Lack of belief in God is evidence that one is strong enough to confront reality, as opposed to projecting idealism against reality.
--------------ZACHARY--------------
If you said "what do you mean by God" I would've taken you a little more seriously. But it follows that you must, based on the avenue you took above, draw the broadest assumptions in so many areas of your thought (including the supposed "emotional affirmation" you think I made). I'm completely aware of how my thought seems to work to you...
Anyhow, would I have even answered you? Life needs to be lived. I have no interest in quibbling which, by the way, is proof of how much of a "theist" and/or "idealist" you still are...Haven't you learned: a blade sharpened too much bends.
I want to help you. I'm going to give you something you might have never come across and save you much time of your life. Read Pascal's Pensees -- 135 and 139. I think, if you really understand him, it will help you to feel less despair and to get beyond the sickliness and confusion of searching for "truth" and many of those sickly spheres of thought (including much dialectic...), and to help you realize just WHAT you're doing and getting out of it. At least it will, I hope, set you out on a better, healthier path.
--------------FLIGHT--------------
I honestly and sincerely thank you for your reply (as well as your original letter). It is certainly not my intention to draw forth a battle with you. It was a bizarre paragraph you sent (and I was entirely aware that I may have missed the gist of your thought, as your style is rather cryptic).

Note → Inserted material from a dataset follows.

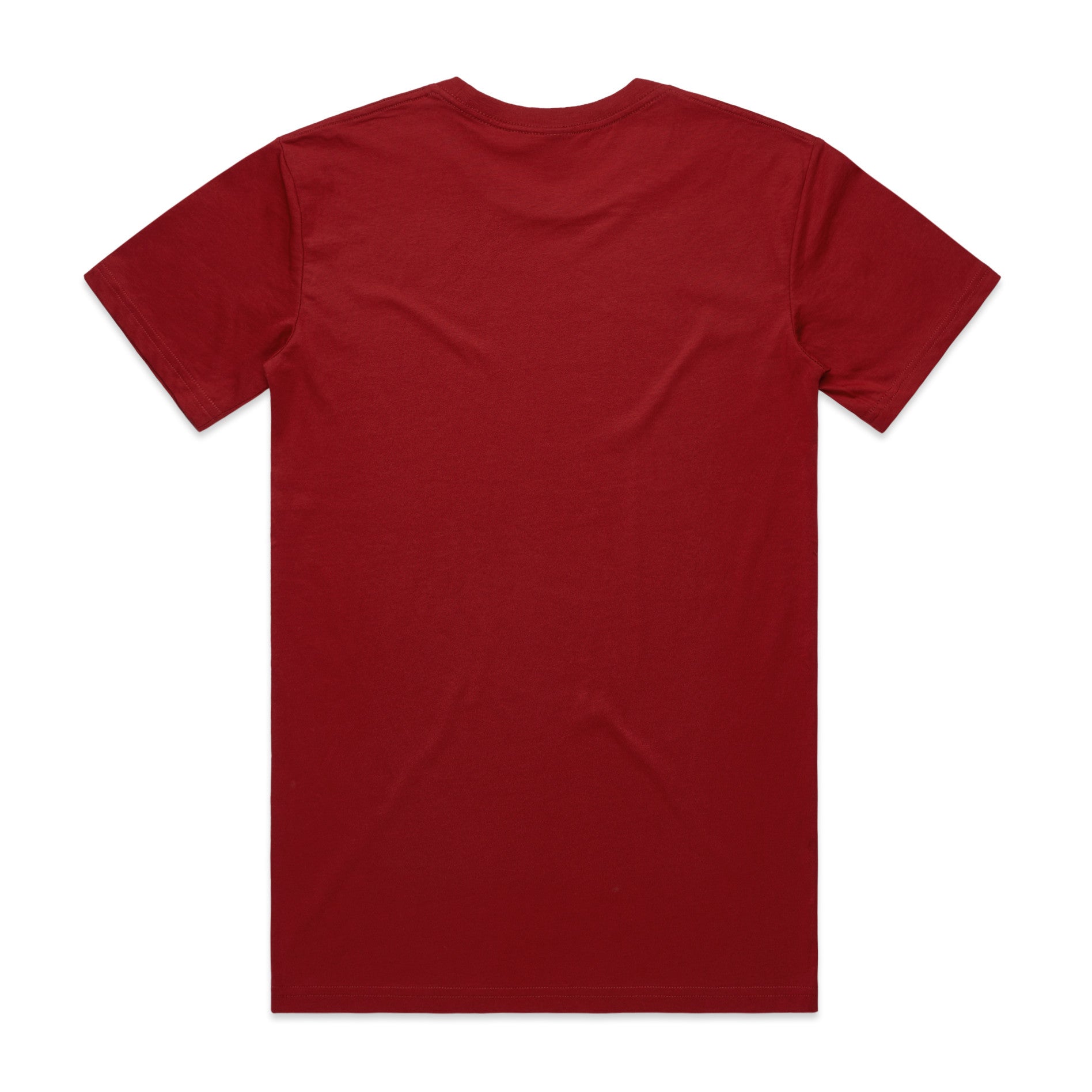 AS Colour Staple Tee 5001 - Cardinal Back - Custom Printed - Print Blanc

I appreciate the Pascal references. I will certainly read them. As for being in despair (this is not something that plagues my life these days). My inclinations toward self-extermination are the result of intelligence (not despair). (And God knows I have no desire at present to engage in my own extermination).

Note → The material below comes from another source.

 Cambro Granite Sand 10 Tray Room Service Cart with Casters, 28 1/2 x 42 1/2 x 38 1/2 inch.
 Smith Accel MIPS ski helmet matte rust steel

As I see it you are sorely mistaken in your revolt from dialectic. It is intellectually irresponsible (not to mention hypocritical) to shirk the burden of proof. It is reckless to go about making metaphysical statements without any standard of falsification.
In many ways I respect you. I know you think about things, but the problem (as I see it) is that your thought proceeds from a very small and selfish space... you don't seem to think things through.

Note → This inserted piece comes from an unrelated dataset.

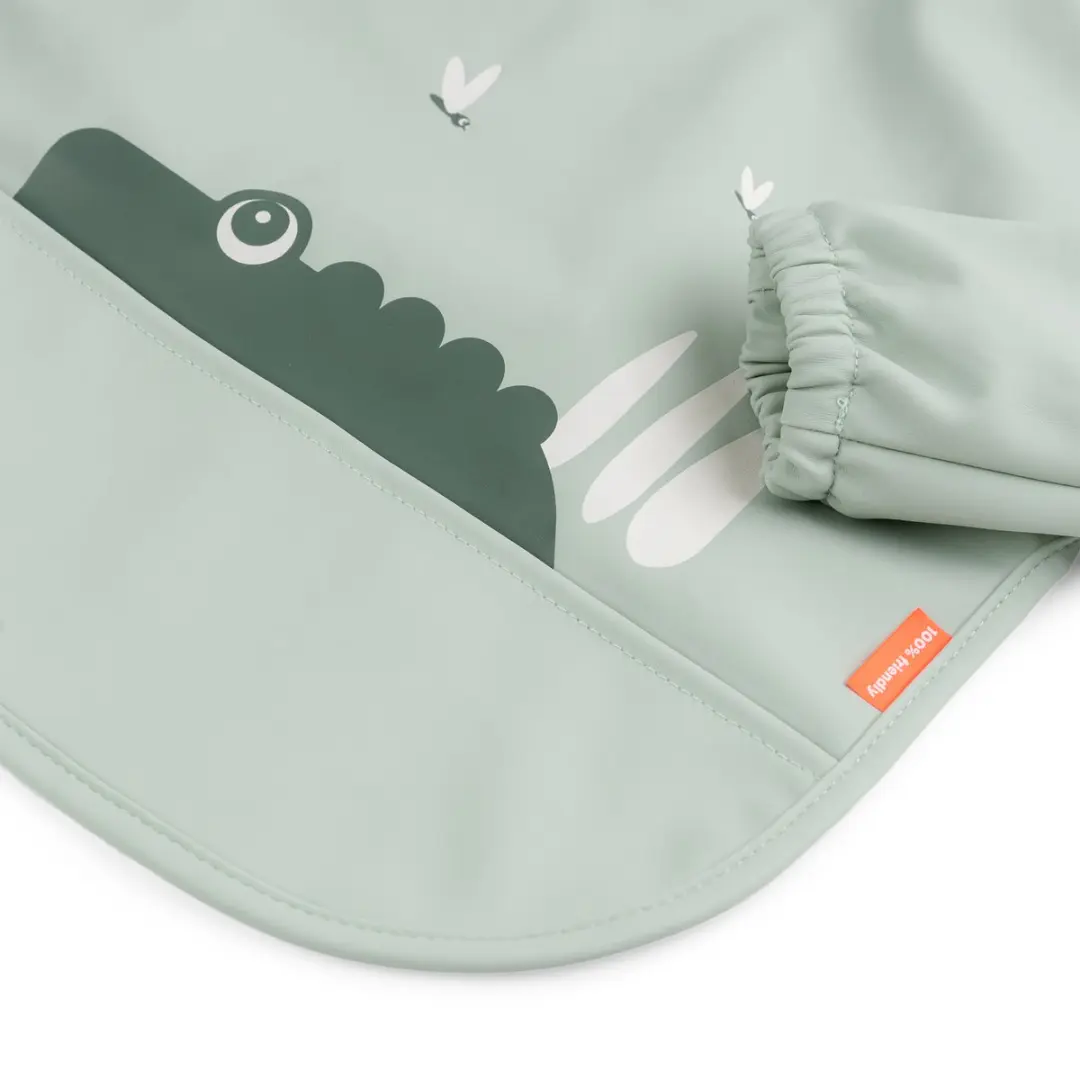 Done By Deer Slabbetje met mouwen - Croco Green - afbeelding 4 van 6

Allow me to speak directly (and here you must be tough as this is not personal) your dialectic, upon entering the arena of thought, would be obliterated in seconds. I find it exceedingly unchallenging and underdeveloped... there is no rational force attached to your ideas... it is perhaps best described as a series of interesting thoughts that lead nowhere. And because you have not done the dialectical work (in the process of thinking) this means the reader must do it for you, but what he finds is that there is not enough dialectic (in your thought) to carry your thought.
A good thinker begins with hard to refute premises.
Just take your fallacious reduction, which you created by using the word, "quibbling."
"Anyhow, would I have even answered you? Life needs to be lived. I have no interest in quibbling which, by the way, is proof of how much of a "theist" and/or "idealist" you still are...Haven't you learned: a blade sharpened too much bends."
The fact that life needs to be lived does not exempt the act of answering from the act of living. To answer is also to live.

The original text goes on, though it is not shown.